++++ GIVEN INFORMATION ++++
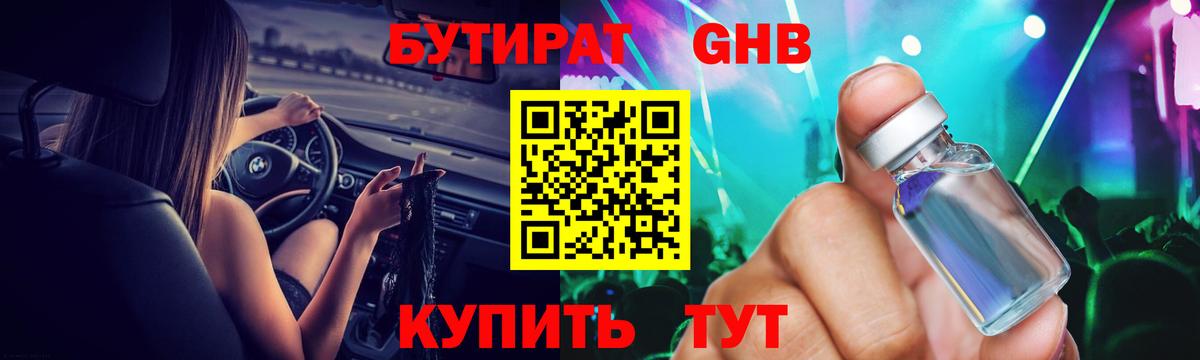 Бутират буратино  Вход с VPN  Алатырь 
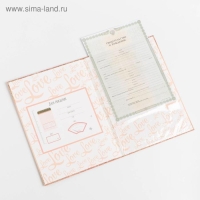 Папка для свидетельства о рождении &laquo;Розовое с блестками&raquo;, А4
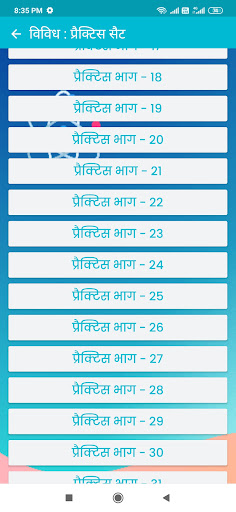 NCERT: General Science Practic Screen 3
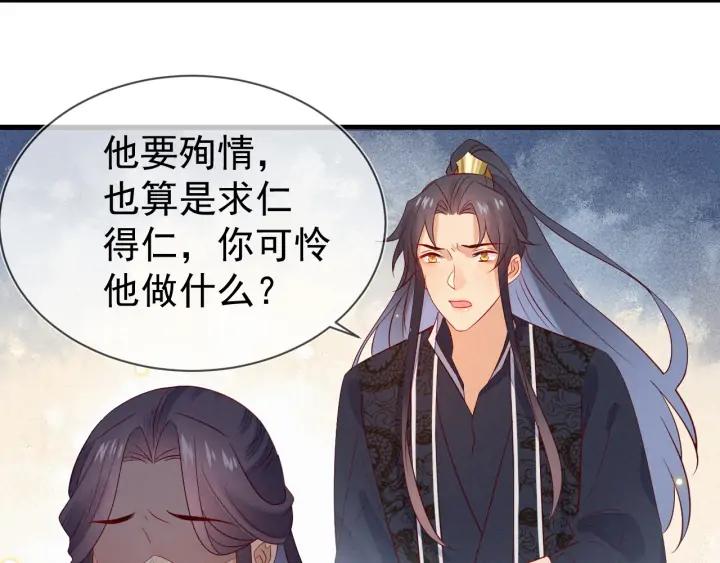 第44话 朕是什么人，你不清楚(1/2)-第45话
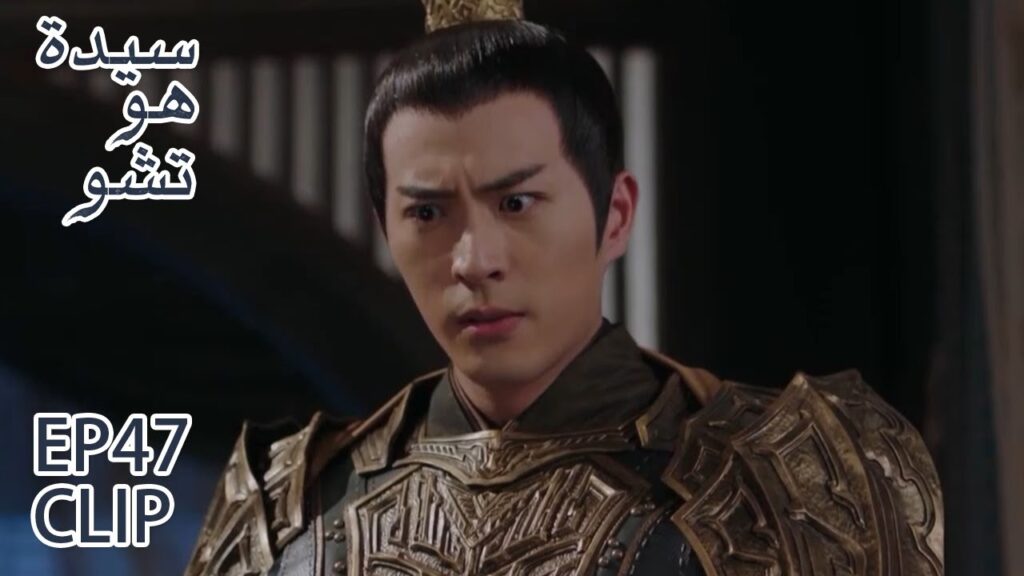 رد فعل الإمبراطور عندما سمع باختطاف تي لان | مقطع من الحلقة 47 "سيدة هو تشو" | WeTV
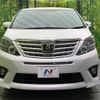 toyota alphard 2014 -TOYOTA--Alphard DBA-ANH20W--ANH20-8337589---TOYOTA--Alphard DBA-ANH20W--ANH20-8337589- image 14
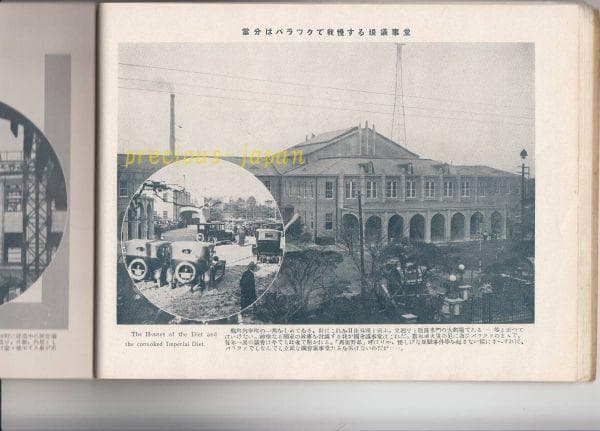 大東京写真帳　THE PICTORIAL OF TOKYO　1928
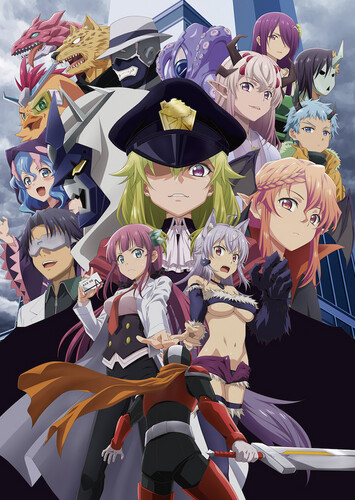 Poster showing Kaijin Kaihatsubu no Kuroitsu-san Anime
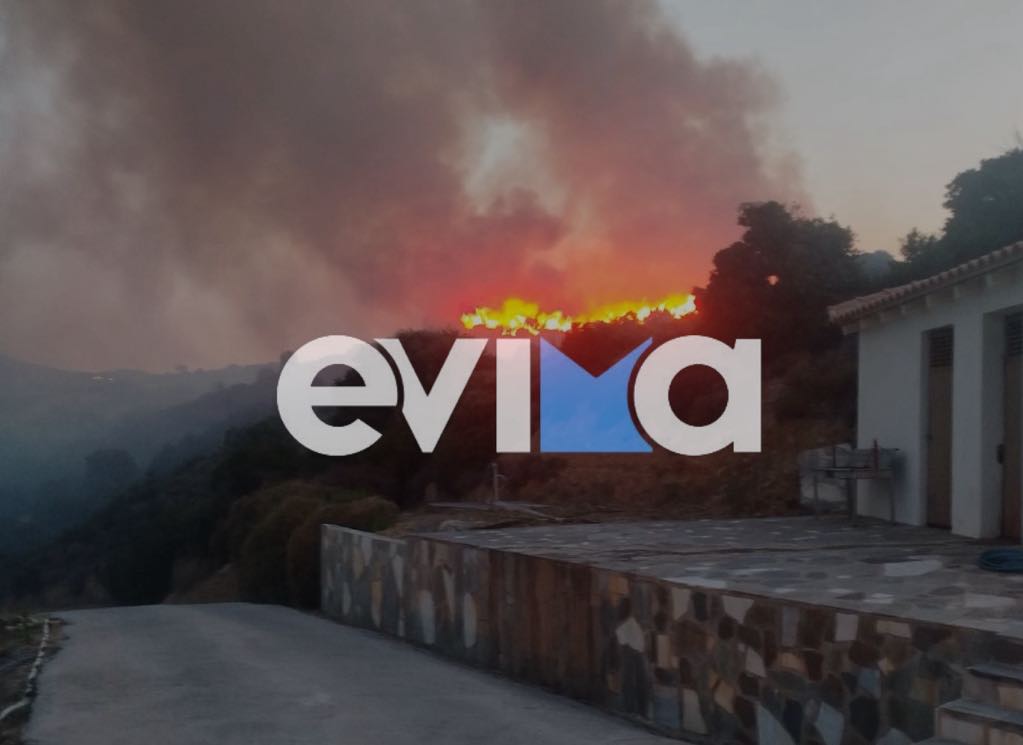 Σε εξέλιξη μεγάλη φωτιά στην Εύβοια: Καίει δασική έκταση – Εκκενώθηκε ξενοδοχείο – Νέες εικόνες και βίντεο Σε εξέλιξη μεγάλη φωτιά στην Εύβοια: Καίει δασική έκταση – Εκκενώθηκε ξενοδοχείο – Νέες εικόνες και βίντεο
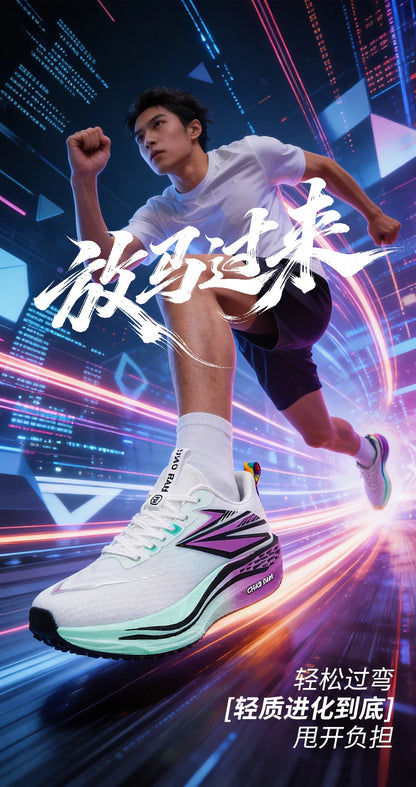 Men Casual Sport Shoes Air Cushion Running Shoes Breathable Marathon Running Sneakers Durable Outsole Trainer Tenis Walking Shoe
++++
EXERCISE DESCRIPTION
Write out all the records exactly, omitting the images.

SOLUTION TO THIS PROBLEM
 Бутират буратино  Вход с VPN  Алатырь 
 Папка для свидетельства о рождении &laquo;Розовое с блестками&raquo;, А4
 NCERT: General Science Practic Screen 3
 第44话 朕是什么人，你不清楚(1/2)-第45话
 رد فعل الإمبراطور عندما سمع باختطاف تي لان | مقطع من الحلقة 47 "سيدة هو تشو" | WeTV
 toyota alphard 2014 -TOYOTA--Alphard DBA-ANH20W--ANH20-8337589---TOYOTA--Alphard DBA-ANH20W--ANH20-8337589- image 14
 大東京写真帳　THE PICTORIAL OF TOKYO　1928
 Poster showing Kaijin Kaihatsubu no Kuroitsu-san Anime
 Σε εξέλιξη μεγάλη φωτιά στην Εύβοια: Καίει δασική έκταση – Εκκενώθηκε ξενοδοχείο – Νέες εικόνες και βίντεο Σε εξέλιξη μεγάλη φωτιά στην Εύβοια: Καίει δασική έκταση – Εκκενώθηκε ξενοδοχείο – Νέες εικόνες και βίντεο
 Men Casual Sport Shoes Air Cushion Running Shoes Breathable Marathon Running Sneakers Durable Outsole Trainer Tenis Walking Shoe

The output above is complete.